** Opening Extracted entries block **

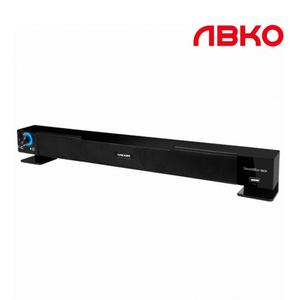 앱코 HACKER S1000 PC 컴퓨터 사운드바 스피커 USB전원 블랙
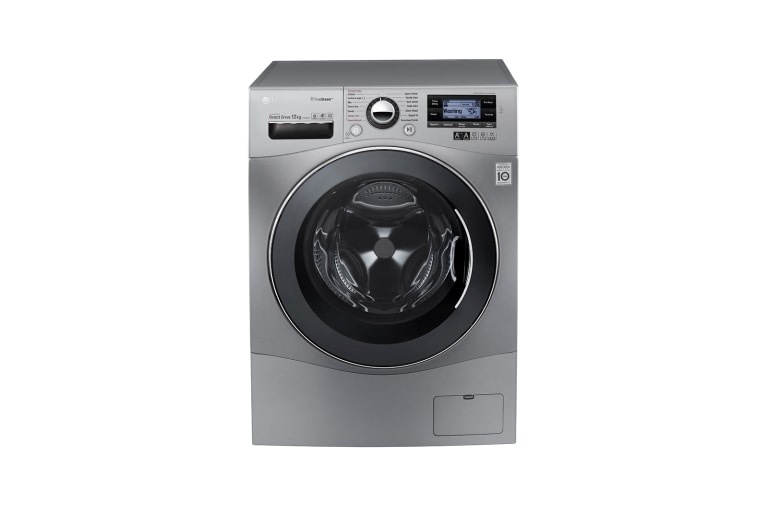 LG 12kg 6Motion DD, Plus grande capacité dans un lave linge de taille standard, F1495BD7, thumbnail 1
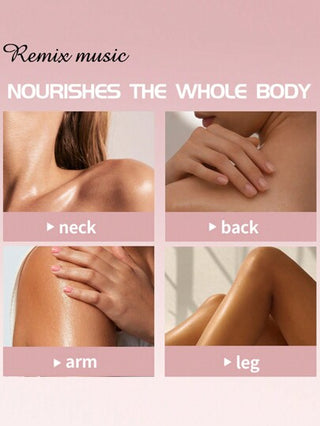 1 قطعة غسول الجسم 236مل، مرطب، مرطب، مضيئ، ملطف للرجال والنساء معًا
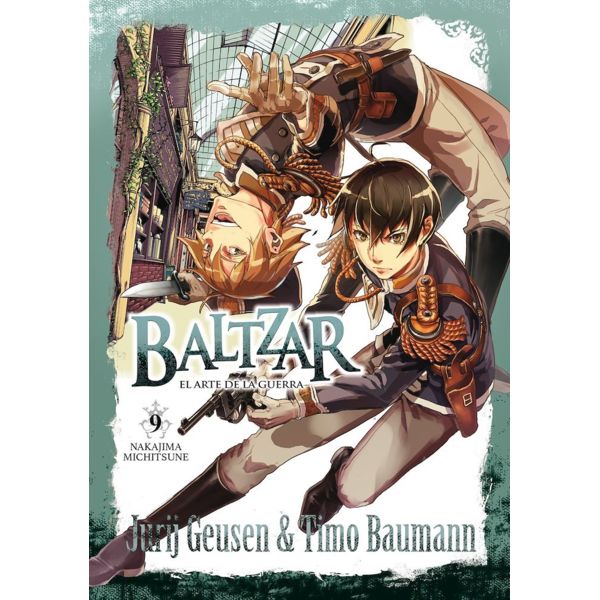 Baltzar el arte de la guerra #09 Manga Oficial Arechi Manga (Spanish)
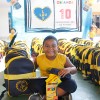 Rio de Janeiro, RJ — A alegria e a empolgação tomaram conta das crianças da LBV ao receberem os kits de materiais pedagógicos. E essa felicidade só é possível graças à sua colaboração! #ParceriaQueDáCerto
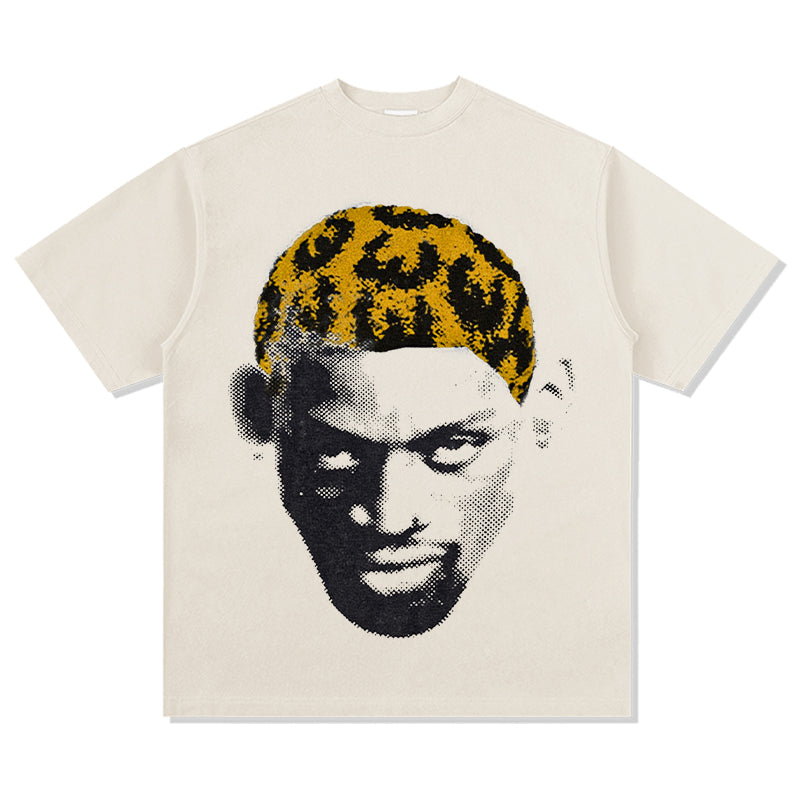 Dennis Rodman Tee Hoodie, Sweatshirt | CoreVibeTees.com (Image 1)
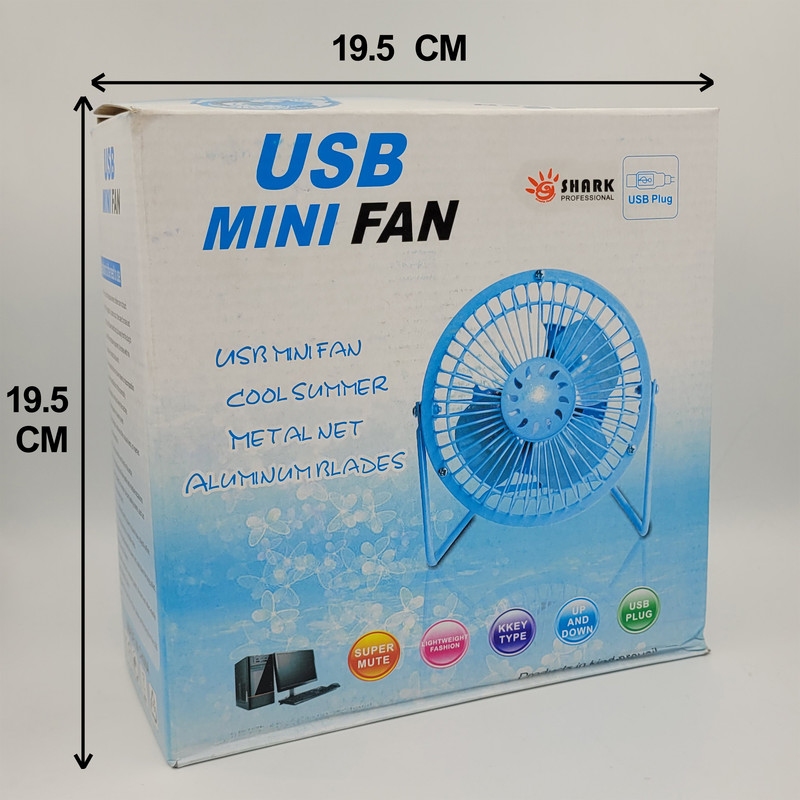 پنکه USB مدل YR-F002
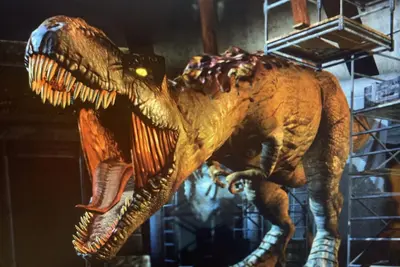 Image de Jurassic Park Arcade-Pinball-Fauteuil De Massage- Arcade - Shufflebrd / FooseBall / DartS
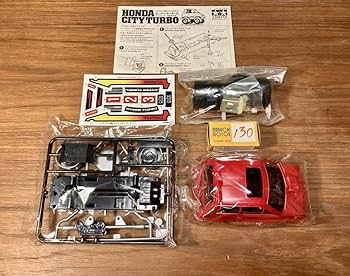 Amazon | タミヤ 1/32 ホンダ シティターボ ミニ四駆シリーズNO.6 未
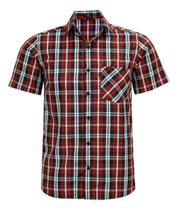 Camisa Xadrez Manga Curta Lbl Com Bolso Passa Fácil 3038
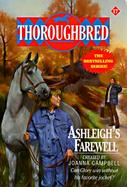 Ashleigh's Farewell cover
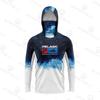 Mens Lightweight Quick-Dry Fishing Hoodie With Neck Cover UV Protection Long Sleeve Outdoor Angling Fall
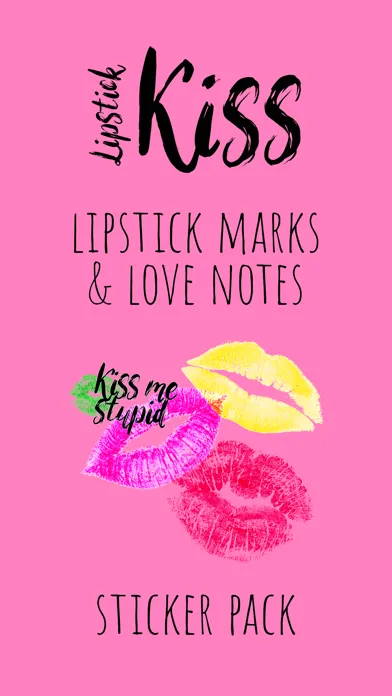 Capturas de tela do Lipstick Kiss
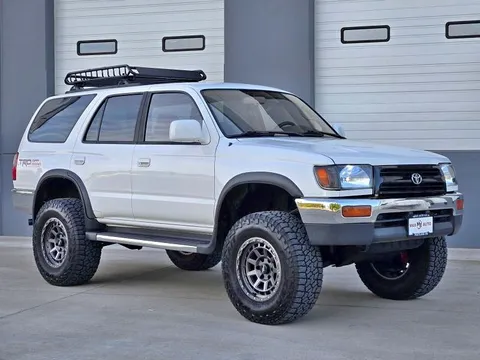 1998 Toyota 4Runner SR5 Sport Utility 4D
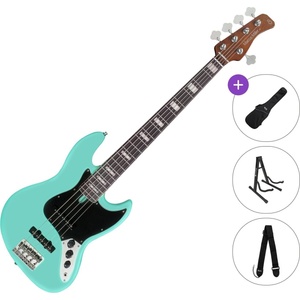 SIRE Marcus Miller V5R Alder-5 Standard SET Mild Green 5-струнна бас китара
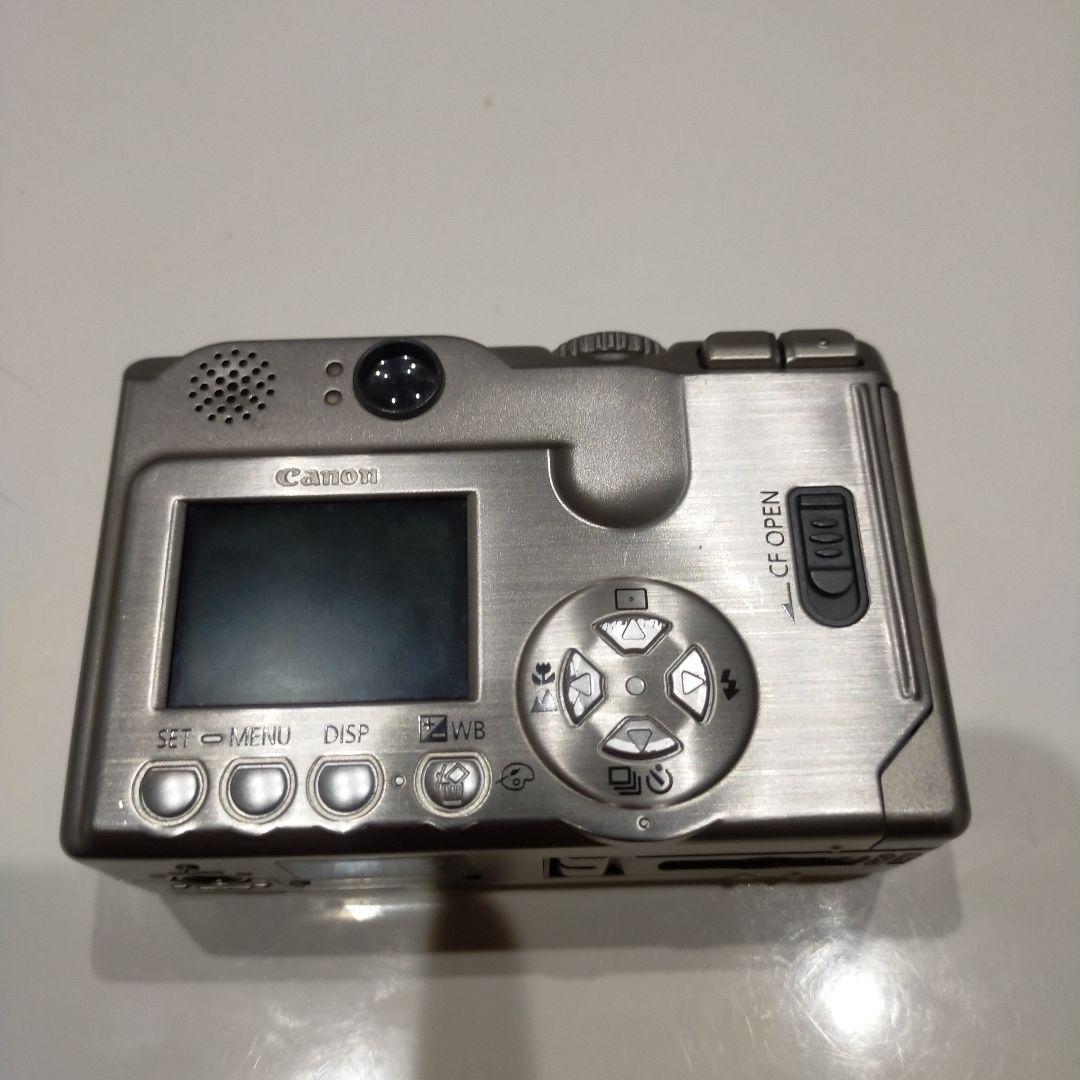値下 動作確認済 Canon IXY コンパクトデジカメ PC1026 シルバー
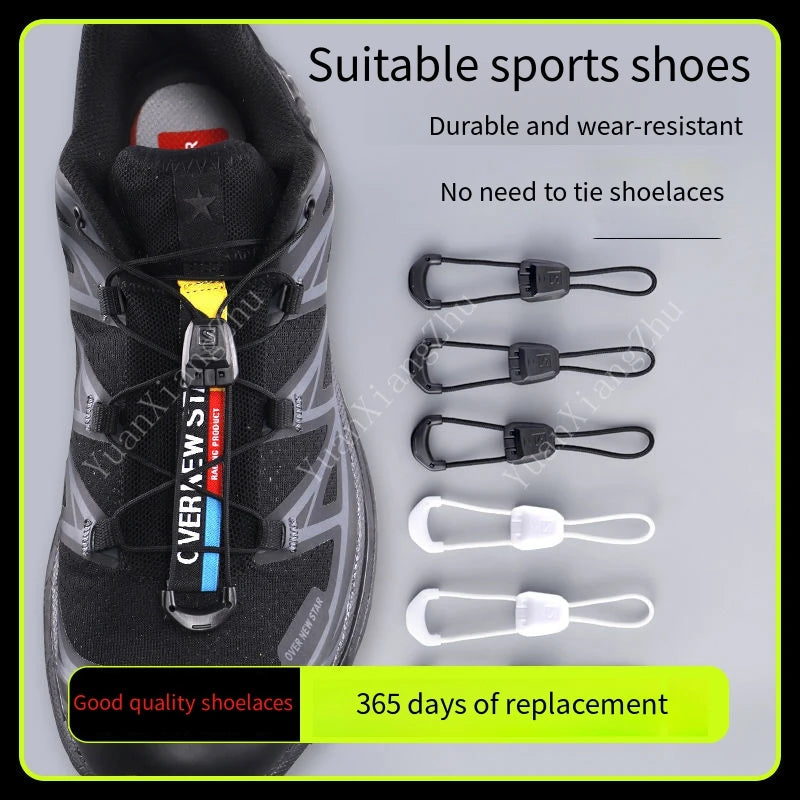 Round No-Tie Laces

** Closing Extracted entries block **

| How to complete this task |
Once you find the line that contains "Image de Jurassic", give it again along with every later line through the end of the data, word for word, minus the pictures.

| Reply to the task |
 Image de Jurassic Park Arcade-Pinball-Fauteuil De Massage- Arcade - Shufflebrd / FooseBall / DartS
 Amazon | タミヤ 1/32 ホンダ シティターボ ミニ四駆シリーズNO.6 未
 Camisa Xadrez Manga Curta Lbl Com Bolso Passa Fácil 3038
 Ashleigh's Farewell cover
 Mens Lightweight Quick-Dry Fishing Hoodie With Neck Cover UV Protection Long Sleeve Outdoor Angling Fall
 Capturas de tela do Lipstick Kiss
 1998 Toyota 4Runner SR5 Sport Utility 4D
 SIRE Marcus Miller V5R Alder-5 Standard SET Mild Green 5-струнна бас китара
値下 動作確認済 Canon IXY コンパクトデジカメ PC1026 シルバー
 Round No-Tie Laces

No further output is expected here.